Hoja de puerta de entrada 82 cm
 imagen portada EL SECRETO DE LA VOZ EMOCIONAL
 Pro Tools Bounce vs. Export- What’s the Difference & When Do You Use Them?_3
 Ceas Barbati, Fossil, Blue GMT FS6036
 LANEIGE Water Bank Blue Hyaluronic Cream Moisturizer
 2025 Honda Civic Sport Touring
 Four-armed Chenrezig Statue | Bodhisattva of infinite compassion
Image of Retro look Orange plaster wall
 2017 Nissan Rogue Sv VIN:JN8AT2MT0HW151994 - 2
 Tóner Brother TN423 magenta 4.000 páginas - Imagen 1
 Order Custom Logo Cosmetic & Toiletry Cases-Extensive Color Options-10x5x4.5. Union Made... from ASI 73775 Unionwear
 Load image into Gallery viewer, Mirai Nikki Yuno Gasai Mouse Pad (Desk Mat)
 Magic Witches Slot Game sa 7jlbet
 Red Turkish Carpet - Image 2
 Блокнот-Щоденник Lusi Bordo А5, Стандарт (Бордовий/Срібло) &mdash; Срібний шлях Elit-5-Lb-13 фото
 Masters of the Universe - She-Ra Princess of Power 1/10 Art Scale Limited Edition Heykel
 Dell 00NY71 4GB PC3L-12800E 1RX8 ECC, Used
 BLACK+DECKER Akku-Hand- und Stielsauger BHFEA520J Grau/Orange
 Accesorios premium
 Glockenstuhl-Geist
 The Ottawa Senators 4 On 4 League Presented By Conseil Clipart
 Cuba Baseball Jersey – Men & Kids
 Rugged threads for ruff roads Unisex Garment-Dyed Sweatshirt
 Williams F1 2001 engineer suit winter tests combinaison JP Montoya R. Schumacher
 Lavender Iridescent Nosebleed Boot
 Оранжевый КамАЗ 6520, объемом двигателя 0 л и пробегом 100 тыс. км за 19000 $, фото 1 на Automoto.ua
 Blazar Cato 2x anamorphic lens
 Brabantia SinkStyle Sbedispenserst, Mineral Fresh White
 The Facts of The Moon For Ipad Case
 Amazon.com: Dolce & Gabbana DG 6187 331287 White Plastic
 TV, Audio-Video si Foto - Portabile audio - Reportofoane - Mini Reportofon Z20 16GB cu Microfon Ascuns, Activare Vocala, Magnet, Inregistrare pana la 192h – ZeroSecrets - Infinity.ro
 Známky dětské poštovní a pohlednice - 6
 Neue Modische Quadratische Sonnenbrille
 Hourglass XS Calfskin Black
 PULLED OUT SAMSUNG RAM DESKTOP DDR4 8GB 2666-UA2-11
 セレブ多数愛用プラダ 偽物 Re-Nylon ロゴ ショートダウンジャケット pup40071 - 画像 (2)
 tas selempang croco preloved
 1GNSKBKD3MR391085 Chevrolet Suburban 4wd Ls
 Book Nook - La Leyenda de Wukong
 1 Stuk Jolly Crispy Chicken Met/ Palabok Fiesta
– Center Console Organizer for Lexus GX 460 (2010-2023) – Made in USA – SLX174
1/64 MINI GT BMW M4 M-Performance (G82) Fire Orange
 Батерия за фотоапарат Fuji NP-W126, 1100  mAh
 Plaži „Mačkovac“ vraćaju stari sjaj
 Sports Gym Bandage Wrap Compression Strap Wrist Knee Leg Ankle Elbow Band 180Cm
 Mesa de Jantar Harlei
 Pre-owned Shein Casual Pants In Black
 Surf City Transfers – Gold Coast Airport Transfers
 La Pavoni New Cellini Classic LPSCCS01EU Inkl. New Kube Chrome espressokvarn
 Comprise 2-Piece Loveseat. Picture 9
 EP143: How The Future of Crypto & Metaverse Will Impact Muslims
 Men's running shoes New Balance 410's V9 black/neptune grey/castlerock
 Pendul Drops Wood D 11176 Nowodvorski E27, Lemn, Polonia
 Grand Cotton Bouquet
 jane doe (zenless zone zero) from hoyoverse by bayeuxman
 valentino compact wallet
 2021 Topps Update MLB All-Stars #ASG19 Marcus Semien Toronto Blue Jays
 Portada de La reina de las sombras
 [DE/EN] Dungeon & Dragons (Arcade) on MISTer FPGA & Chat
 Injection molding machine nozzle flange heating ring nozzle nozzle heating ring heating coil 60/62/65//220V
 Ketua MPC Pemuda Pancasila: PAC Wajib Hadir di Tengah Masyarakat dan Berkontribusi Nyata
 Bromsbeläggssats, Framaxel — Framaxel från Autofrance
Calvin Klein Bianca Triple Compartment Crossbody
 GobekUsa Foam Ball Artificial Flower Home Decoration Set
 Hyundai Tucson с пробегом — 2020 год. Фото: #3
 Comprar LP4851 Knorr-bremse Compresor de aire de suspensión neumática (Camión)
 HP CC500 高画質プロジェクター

**WHAT IS EXPECTED:**
Search the entries above for the word "White", and copy every line where it occurs.

**SOLUTION TO THE EXERCISE:**
 Brabantia SinkStyle Sbedispenserst, Mineral Fresh White
 Amazon.com: Dolce & Gabbana DG 6187 331287 White Plastic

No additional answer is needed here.